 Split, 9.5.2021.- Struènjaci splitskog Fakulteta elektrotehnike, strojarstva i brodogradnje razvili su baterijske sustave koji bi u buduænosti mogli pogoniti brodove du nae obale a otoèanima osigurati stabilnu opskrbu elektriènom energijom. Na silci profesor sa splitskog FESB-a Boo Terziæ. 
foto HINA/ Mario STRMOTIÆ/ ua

———

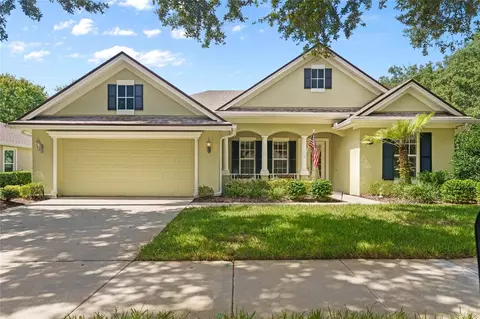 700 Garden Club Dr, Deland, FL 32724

———

**Exercise details:** When the line with "Split, 9.5.2021.- Struènjaci" is reached in the data above, start copying there, and copy each line exactly until the line with "foto HINA/ Mario STRMOTIÆ/ ua" has been copied; copy nothing else.

**Response area:**
 Split, 9.5.2021.- Struènjaci splitskog Fakulteta elektrotehnike, strojarstva i brodogradnje razvili su baterijske sustave koji bi u buduænosti mogli pogoniti brodove du nae obale a otoèanima osigurati stabilnu opskrbu elektriènom energijom. Na silci profesor sa splitskog FESB-a Boo Terziæ. 
foto HINA/ Mario STRMOTIÆ/ ua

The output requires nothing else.